A key driver of business model change is often the recognition of underperformance that cannot be attributed to a single operational factor. At the same time, business model innovation may be driven by the recognition of opportunity. Anecdotally, almost anything might seem to spur efforts to adapt and innovate a business model.
The IBM data showed that specific factors spur business model.
First, we learned that BMI is entirely independent of sector or size. In other words, it does not matter how big you are or what you do. Business model innovation is relevant to every organisation around the world.
Second, we found a very unexpected link to geography. Firms in the EU and firms with global reach were less likely to implement BMI. Some might argue that this suggests that very large firms and EU firms are less innovative, but we suspect a very different interpretation. Firms with headquarters in the EU and firms with global reach share one key characteristic: highly heterogeneous customer and resource bases. In other words, these are firms that are more complex by necessity, addressing greater cultural diversity both internally and externally. What can we conclude from this? Organisations that are more homogeneous, with less complex operations and demographics, are more likely to initiate BM
Third, we found that firms facing global trends, rather than local market challenges were more likely to initiate BMI. This is a fascinating insight into the nature of BMI as a fundamentally opportunity-seeking activity. Companies that engage in BMI perceive globalization, environmental issues, and geopolitical challenges to be more significant than market or macroeconomic issues. These are organisations engaged in distant exploration for opportunities.

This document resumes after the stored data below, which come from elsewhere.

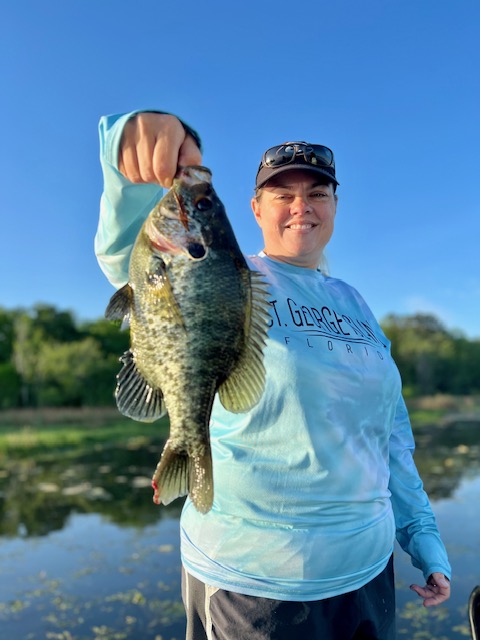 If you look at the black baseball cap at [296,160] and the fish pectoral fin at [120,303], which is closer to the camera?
the fish pectoral fin at [120,303]

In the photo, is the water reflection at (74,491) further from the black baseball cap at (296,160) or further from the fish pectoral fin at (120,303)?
the fish pectoral fin at (120,303)

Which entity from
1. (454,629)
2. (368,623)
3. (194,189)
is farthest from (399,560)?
(194,189)

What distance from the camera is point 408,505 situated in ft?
7.27

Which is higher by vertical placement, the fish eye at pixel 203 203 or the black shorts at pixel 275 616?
the fish eye at pixel 203 203

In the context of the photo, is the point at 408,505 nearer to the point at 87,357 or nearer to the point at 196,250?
the point at 196,250

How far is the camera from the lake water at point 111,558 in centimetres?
495

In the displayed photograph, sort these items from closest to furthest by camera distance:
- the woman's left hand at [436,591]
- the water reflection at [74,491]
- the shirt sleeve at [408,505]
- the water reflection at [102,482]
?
the woman's left hand at [436,591], the shirt sleeve at [408,505], the water reflection at [74,491], the water reflection at [102,482]

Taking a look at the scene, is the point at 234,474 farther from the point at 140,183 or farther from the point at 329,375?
the point at 140,183

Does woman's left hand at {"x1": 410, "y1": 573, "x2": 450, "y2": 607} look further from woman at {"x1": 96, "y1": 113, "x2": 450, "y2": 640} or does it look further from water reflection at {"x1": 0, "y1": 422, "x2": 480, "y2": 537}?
water reflection at {"x1": 0, "y1": 422, "x2": 480, "y2": 537}

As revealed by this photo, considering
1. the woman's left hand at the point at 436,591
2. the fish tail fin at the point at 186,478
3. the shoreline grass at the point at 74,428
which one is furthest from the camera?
the shoreline grass at the point at 74,428

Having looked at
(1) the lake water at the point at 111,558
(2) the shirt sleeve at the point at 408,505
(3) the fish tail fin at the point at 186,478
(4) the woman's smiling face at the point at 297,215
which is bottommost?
(1) the lake water at the point at 111,558

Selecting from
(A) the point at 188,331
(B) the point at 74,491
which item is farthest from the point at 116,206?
(B) the point at 74,491

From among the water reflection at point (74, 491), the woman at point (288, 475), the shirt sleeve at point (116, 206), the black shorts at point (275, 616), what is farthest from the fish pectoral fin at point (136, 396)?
the water reflection at point (74, 491)

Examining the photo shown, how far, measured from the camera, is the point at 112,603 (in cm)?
539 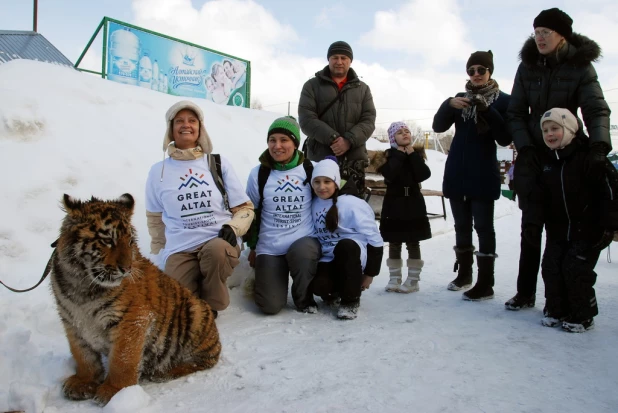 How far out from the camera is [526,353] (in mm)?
2881

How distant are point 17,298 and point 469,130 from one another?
14.2ft

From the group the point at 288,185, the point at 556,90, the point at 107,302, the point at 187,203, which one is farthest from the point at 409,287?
the point at 107,302

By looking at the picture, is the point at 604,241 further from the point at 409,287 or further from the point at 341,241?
the point at 341,241

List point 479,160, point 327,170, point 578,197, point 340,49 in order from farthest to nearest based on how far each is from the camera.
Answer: point 340,49 < point 479,160 < point 327,170 < point 578,197

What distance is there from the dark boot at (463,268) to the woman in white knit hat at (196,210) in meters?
2.34

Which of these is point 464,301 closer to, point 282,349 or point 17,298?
point 282,349

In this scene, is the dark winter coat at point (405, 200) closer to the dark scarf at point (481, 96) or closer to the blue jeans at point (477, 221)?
the blue jeans at point (477, 221)

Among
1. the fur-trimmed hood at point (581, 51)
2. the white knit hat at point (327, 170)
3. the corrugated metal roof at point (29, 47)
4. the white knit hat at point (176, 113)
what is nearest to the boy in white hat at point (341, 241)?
the white knit hat at point (327, 170)

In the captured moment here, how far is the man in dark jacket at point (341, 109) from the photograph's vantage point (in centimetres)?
472

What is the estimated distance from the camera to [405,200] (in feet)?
15.0

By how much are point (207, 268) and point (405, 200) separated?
2.26 metres

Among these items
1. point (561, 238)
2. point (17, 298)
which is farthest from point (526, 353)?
point (17, 298)

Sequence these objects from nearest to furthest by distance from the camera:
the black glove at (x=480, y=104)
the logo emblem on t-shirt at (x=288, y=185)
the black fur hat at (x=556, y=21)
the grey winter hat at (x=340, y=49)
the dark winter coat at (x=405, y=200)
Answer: the black fur hat at (x=556, y=21)
the logo emblem on t-shirt at (x=288, y=185)
the black glove at (x=480, y=104)
the dark winter coat at (x=405, y=200)
the grey winter hat at (x=340, y=49)

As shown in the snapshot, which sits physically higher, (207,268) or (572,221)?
(572,221) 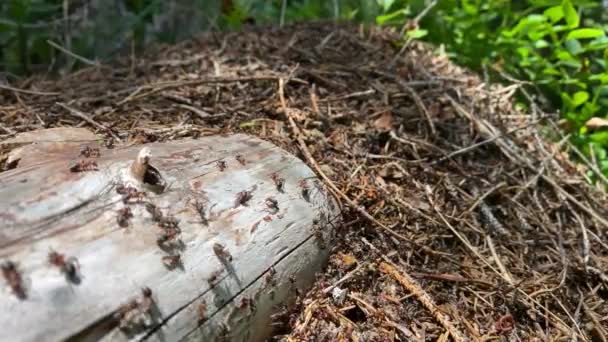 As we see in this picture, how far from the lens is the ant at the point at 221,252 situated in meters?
1.69

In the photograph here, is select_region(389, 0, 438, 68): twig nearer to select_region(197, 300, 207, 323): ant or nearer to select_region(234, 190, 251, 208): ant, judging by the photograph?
select_region(234, 190, 251, 208): ant

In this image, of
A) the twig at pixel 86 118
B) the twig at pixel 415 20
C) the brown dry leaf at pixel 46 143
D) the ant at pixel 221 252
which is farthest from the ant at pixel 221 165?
the twig at pixel 415 20

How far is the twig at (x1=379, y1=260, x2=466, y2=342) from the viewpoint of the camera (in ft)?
6.61

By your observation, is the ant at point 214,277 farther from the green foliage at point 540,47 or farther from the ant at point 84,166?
the green foliage at point 540,47

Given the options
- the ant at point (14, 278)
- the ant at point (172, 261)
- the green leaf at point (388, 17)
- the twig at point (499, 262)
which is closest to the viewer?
the ant at point (14, 278)

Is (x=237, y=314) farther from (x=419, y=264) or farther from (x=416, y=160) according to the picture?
(x=416, y=160)

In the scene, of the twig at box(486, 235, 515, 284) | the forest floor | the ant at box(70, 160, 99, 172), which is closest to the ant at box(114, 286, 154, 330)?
the ant at box(70, 160, 99, 172)

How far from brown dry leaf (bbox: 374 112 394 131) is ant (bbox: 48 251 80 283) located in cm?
182

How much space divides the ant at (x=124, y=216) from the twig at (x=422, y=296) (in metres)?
0.96

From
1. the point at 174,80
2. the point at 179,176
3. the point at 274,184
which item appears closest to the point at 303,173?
the point at 274,184

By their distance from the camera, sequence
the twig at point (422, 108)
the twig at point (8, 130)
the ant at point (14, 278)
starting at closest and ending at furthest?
the ant at point (14, 278)
the twig at point (8, 130)
the twig at point (422, 108)

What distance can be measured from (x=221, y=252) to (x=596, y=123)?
264 centimetres

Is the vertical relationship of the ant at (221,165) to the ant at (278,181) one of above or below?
above

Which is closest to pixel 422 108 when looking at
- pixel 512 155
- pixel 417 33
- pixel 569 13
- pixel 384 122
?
pixel 384 122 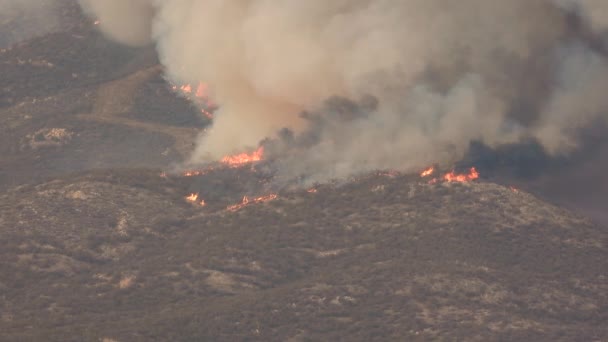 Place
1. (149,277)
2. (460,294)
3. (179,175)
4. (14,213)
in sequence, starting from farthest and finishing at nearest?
(179,175), (14,213), (149,277), (460,294)

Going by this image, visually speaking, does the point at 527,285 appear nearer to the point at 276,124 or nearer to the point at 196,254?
the point at 196,254

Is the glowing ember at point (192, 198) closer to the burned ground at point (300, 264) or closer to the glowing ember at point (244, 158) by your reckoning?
the burned ground at point (300, 264)

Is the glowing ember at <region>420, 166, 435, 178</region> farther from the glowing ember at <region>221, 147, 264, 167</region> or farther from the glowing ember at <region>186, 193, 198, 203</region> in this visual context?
the glowing ember at <region>186, 193, 198, 203</region>

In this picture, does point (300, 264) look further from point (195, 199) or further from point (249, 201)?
point (195, 199)

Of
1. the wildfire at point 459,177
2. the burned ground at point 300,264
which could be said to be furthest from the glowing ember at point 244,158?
the wildfire at point 459,177

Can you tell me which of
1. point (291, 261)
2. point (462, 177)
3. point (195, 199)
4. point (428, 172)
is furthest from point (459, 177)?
point (195, 199)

Not surprisingly, we learned that firms are more likely to initiate BMI when the effort is led by a senior executive, usually the CEO. Given that BMI is a high-risk, high-reward proposition, we would expect direct involvement of the executive team.
We learned that companies engaged in BMI tend not to emphasize product or process innovation, at least in the short term. This is mostly unsurprising, as we expect that organisations can only focus on a few major initiatives at a time.
Finally, we learned something fascinating and somewhat worrying. There was no link between prior change success and BMI effort. Just because a firm had implement BMI once was no predictor of whether it could do it again!
What does all this mean?
It means that, to the best of our knowledge, the real drivers of business model innovation are challenges that engage the organisation’s long-term, core value propositions. On the one hand, this matches our expectations that small, specific changes in operations and strategy should not be called “business model change.” On the other, it reinforces that business model innovation is not for the faint of heart. The companies that initiate serious business model innovation efforts accept that the sustainability of the organisation will likely be tied to fundamental change.